* _WHAT THE EXERCISE ASKS_
What is needed is the exact text of each line in the listing below from the one with "In this video, we" up to and including the one with "In conclusion, E", and no pictures.

* _INFORMATION PROVIDED_

◇ ◇ ◇ ◇

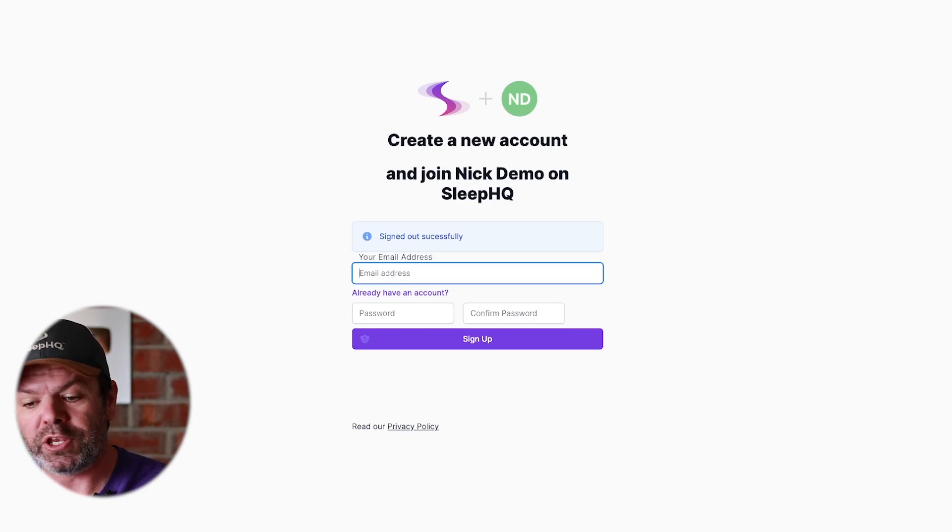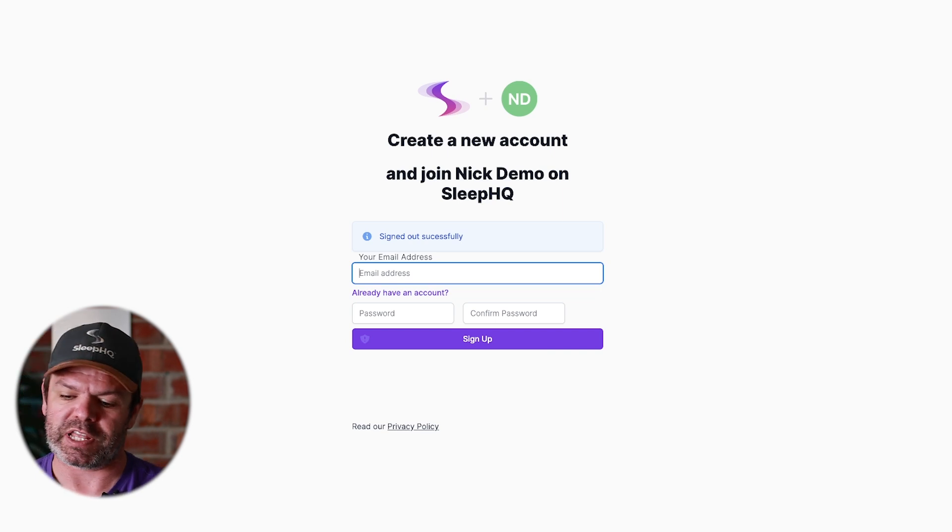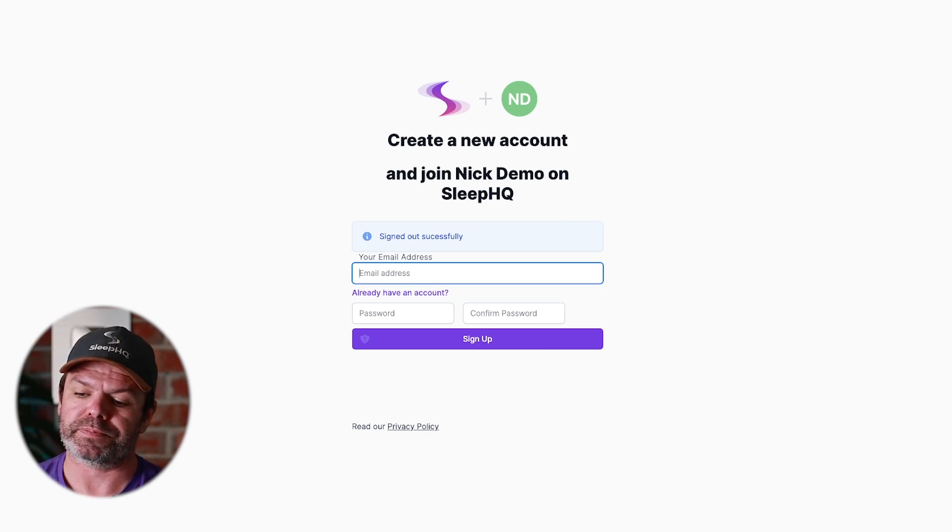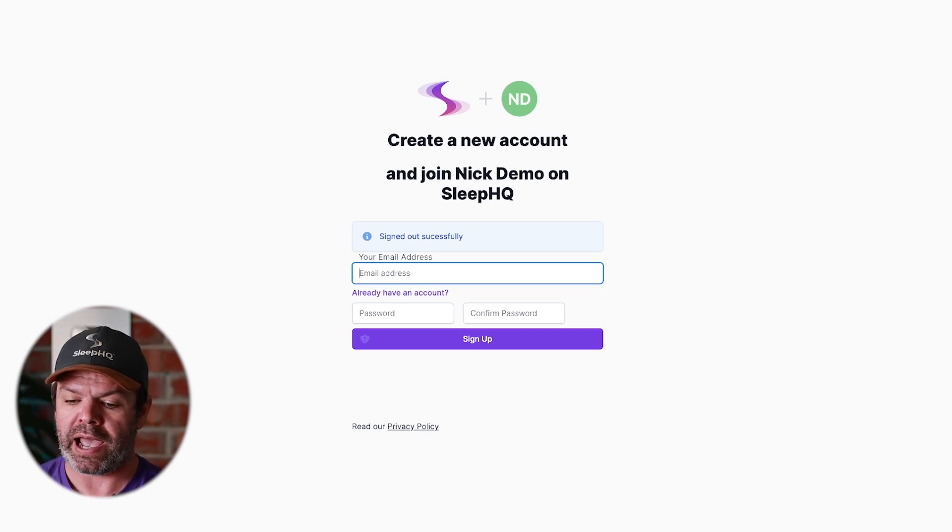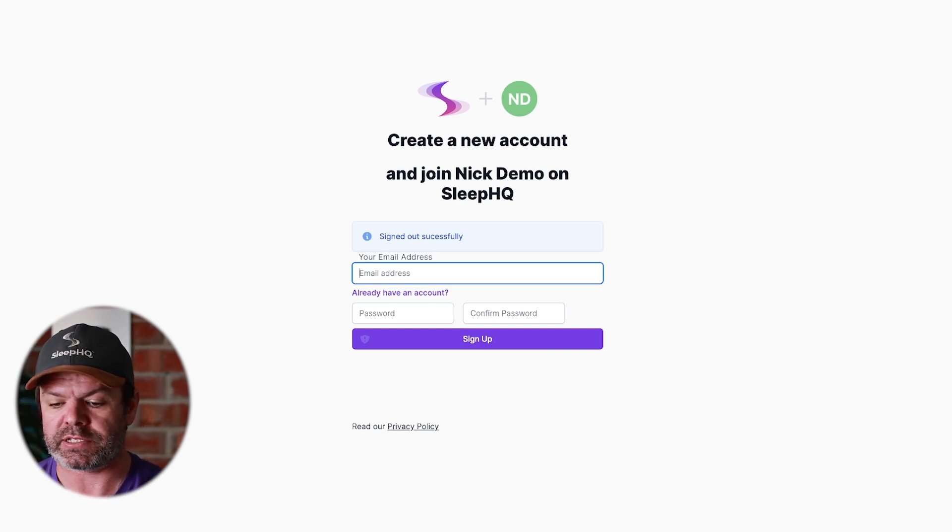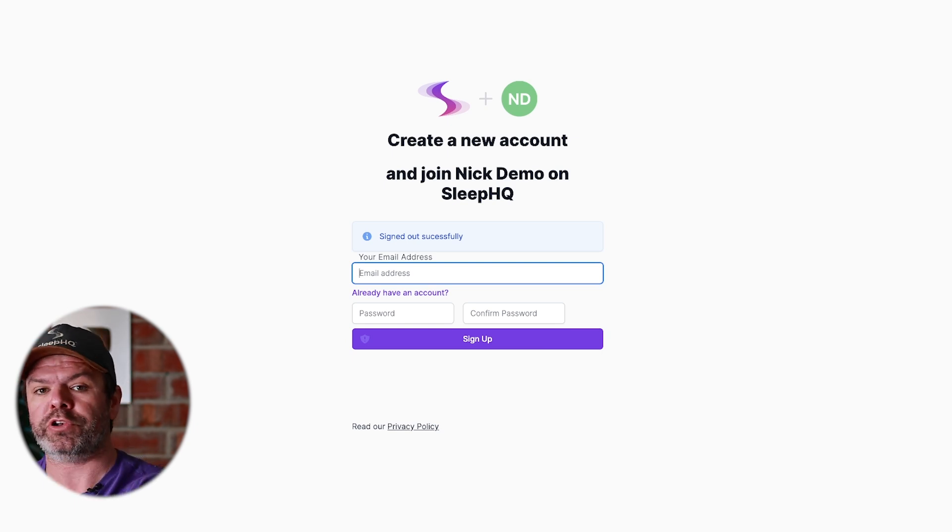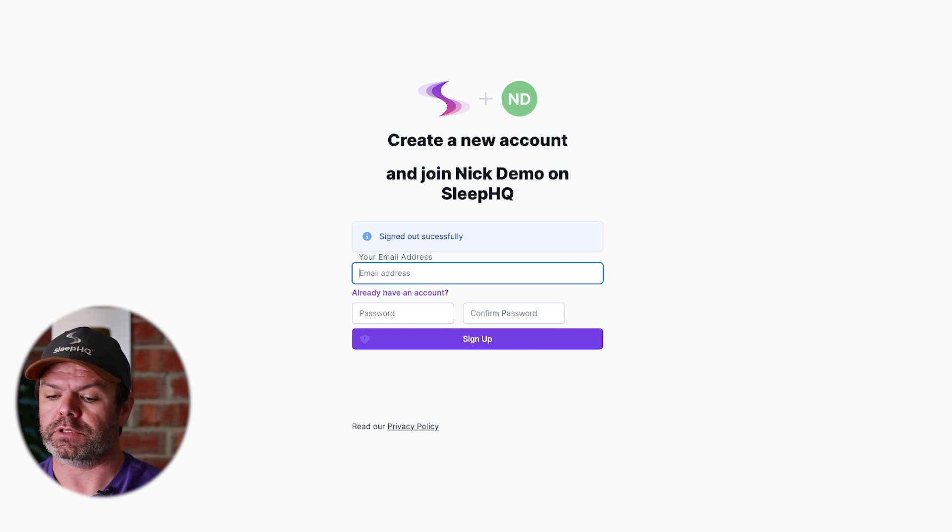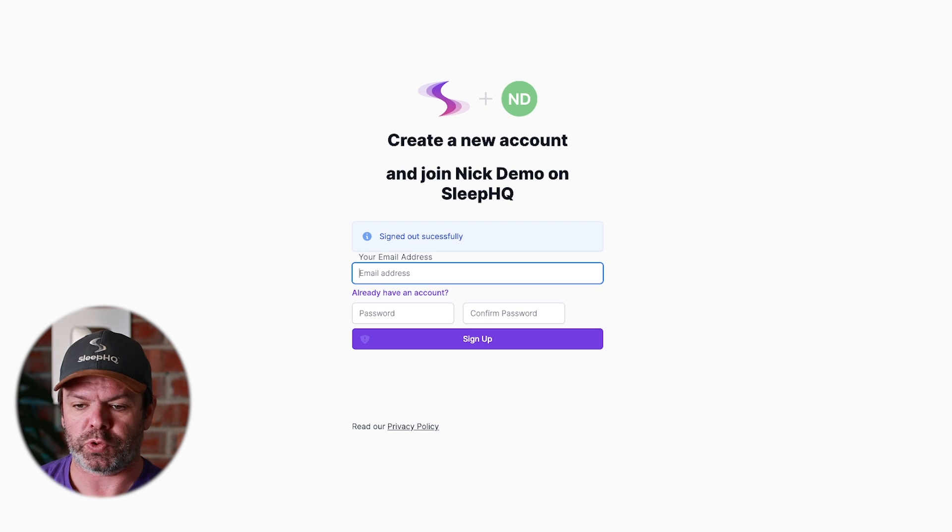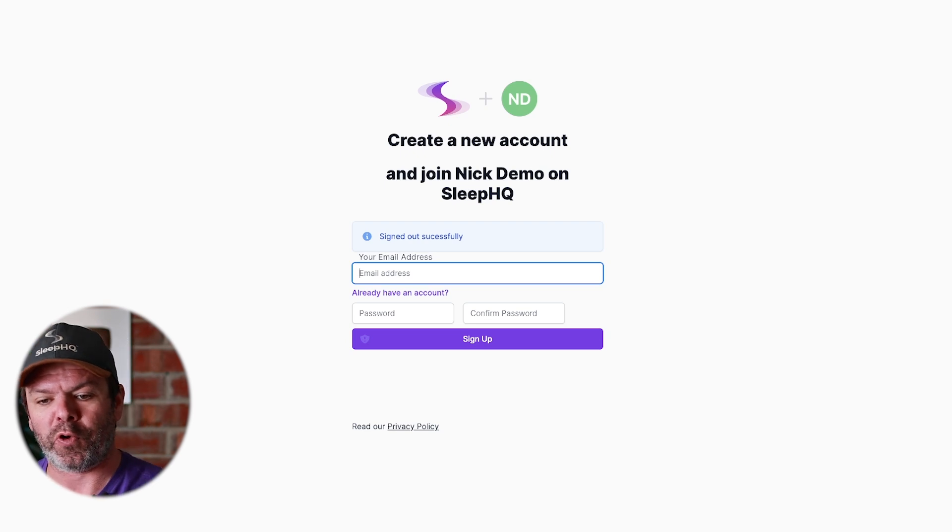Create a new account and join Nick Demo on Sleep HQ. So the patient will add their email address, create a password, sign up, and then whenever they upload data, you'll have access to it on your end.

◇ ◇ ◇ ◇

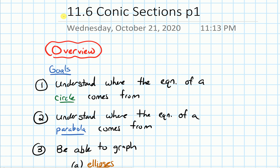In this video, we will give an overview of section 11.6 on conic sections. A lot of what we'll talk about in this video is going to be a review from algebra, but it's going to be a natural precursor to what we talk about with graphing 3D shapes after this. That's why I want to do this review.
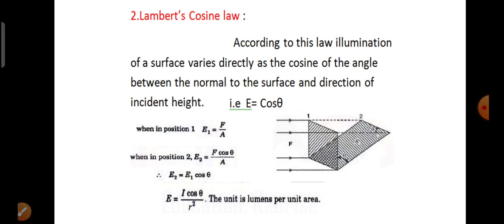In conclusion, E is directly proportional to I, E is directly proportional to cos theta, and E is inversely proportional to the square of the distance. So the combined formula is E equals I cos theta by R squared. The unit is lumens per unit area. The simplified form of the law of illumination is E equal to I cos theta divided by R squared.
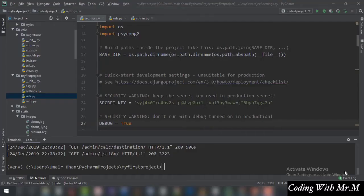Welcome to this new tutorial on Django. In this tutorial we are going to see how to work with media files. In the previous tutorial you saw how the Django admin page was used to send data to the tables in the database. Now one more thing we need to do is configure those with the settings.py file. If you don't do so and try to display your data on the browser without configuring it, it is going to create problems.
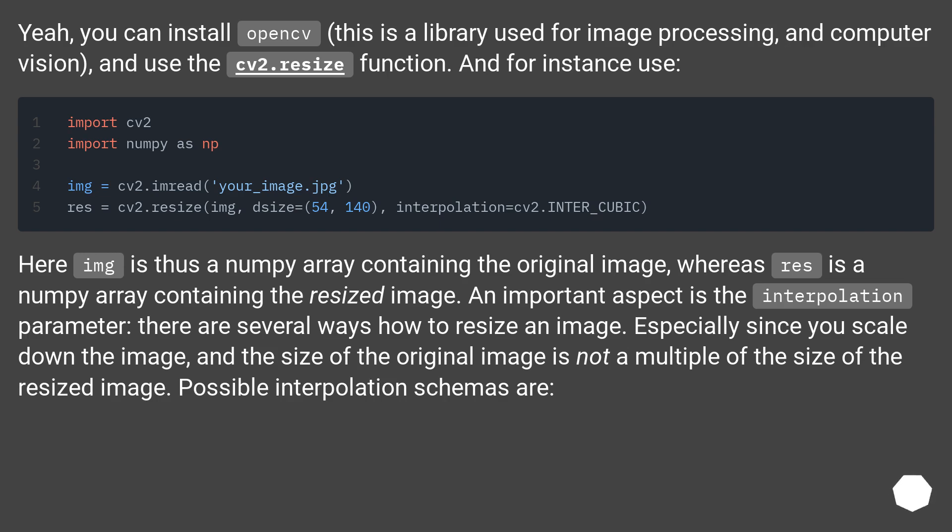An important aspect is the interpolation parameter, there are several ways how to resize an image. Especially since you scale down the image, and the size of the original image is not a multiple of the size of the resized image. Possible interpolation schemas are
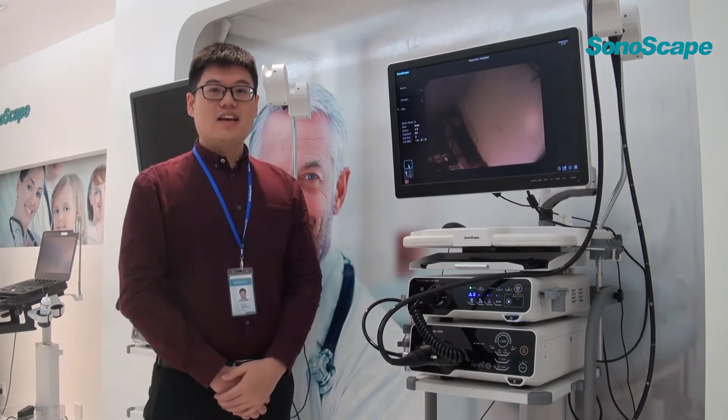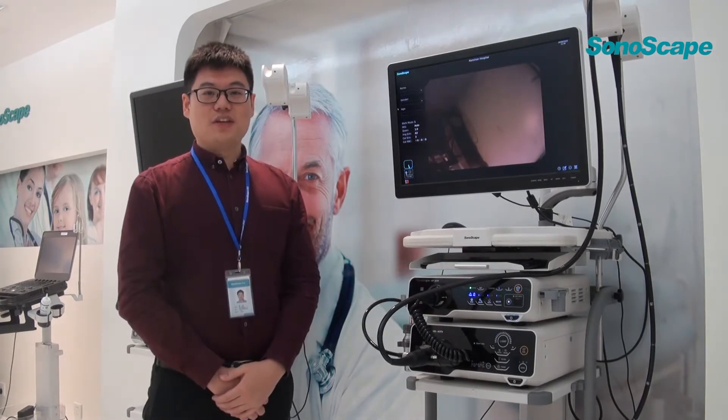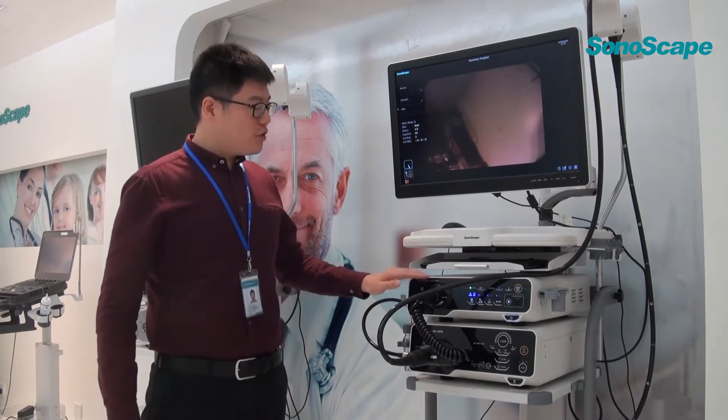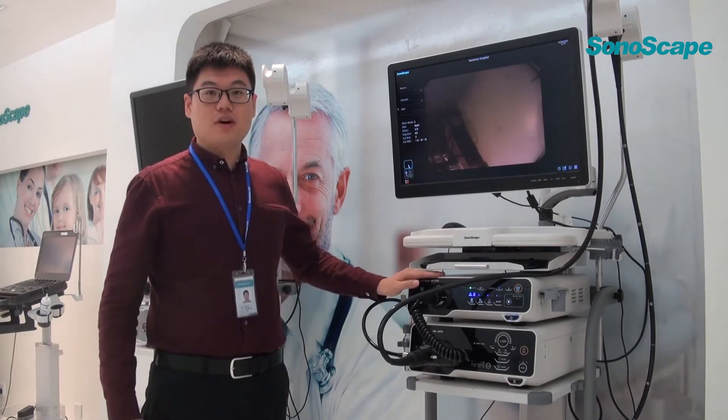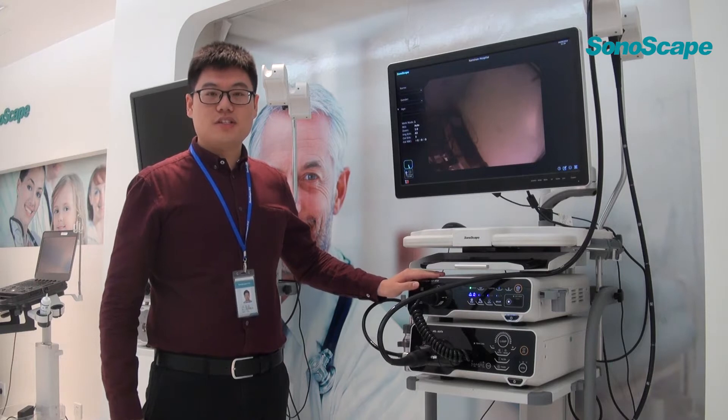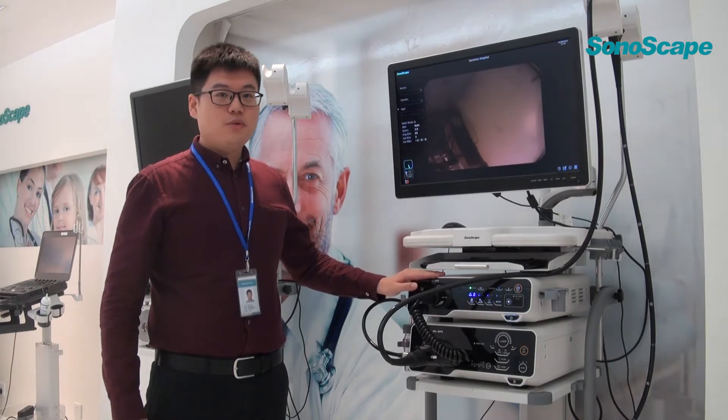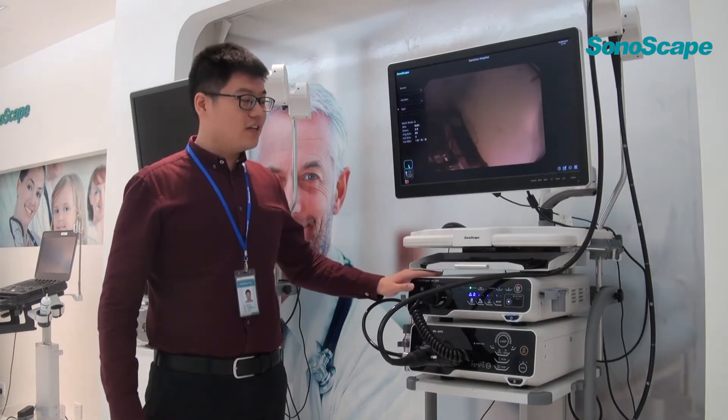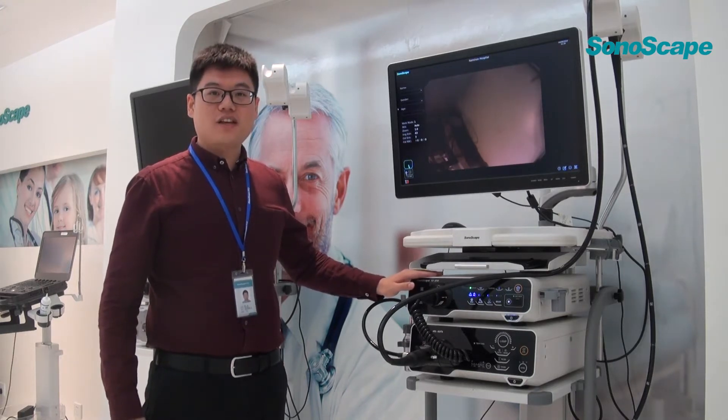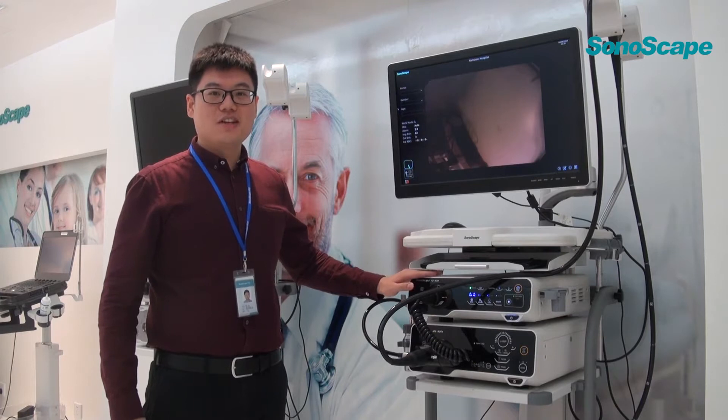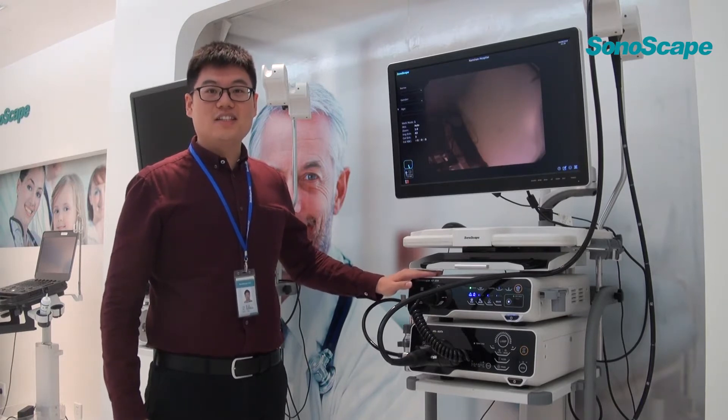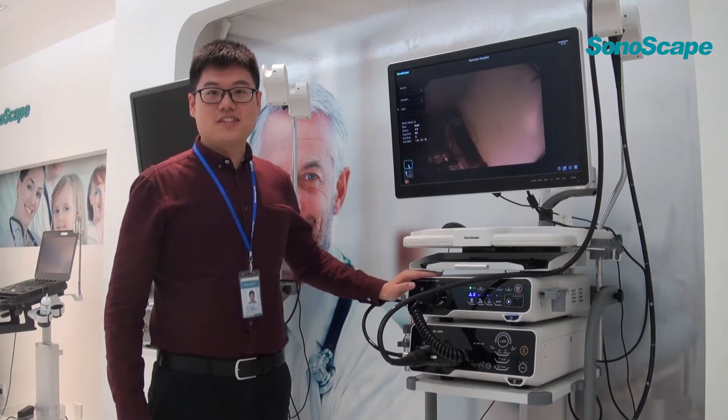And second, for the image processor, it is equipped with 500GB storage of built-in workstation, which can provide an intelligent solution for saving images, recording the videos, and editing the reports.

◇ ◇ ◇ ◇

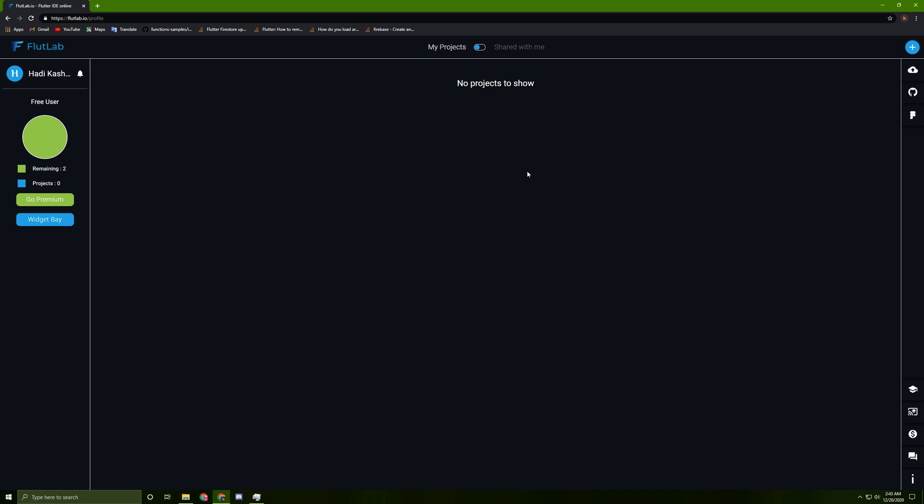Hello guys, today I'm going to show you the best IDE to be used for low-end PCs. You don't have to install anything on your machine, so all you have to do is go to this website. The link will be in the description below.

◇ ◇ ◇ ◇

* _REPLY TO THE EXERCISE_
In this video, we will give an overview of section 11.6 on conic sections. A lot of what we'll talk about in this video is going to be a review from algebra, but it's going to be a natural precursor to what we talk about with graphing 3D shapes after this. That's why I want to do this review.
In conclusion, E is directly proportional to I, E is directly proportional to cos theta, and E is inversely proportional to the square of the distance. So the combined formula is E equals I cos theta by R squared. The unit is lumens per unit area. The simplified form of the law of illumination is E equal to I cos theta divided by R squared.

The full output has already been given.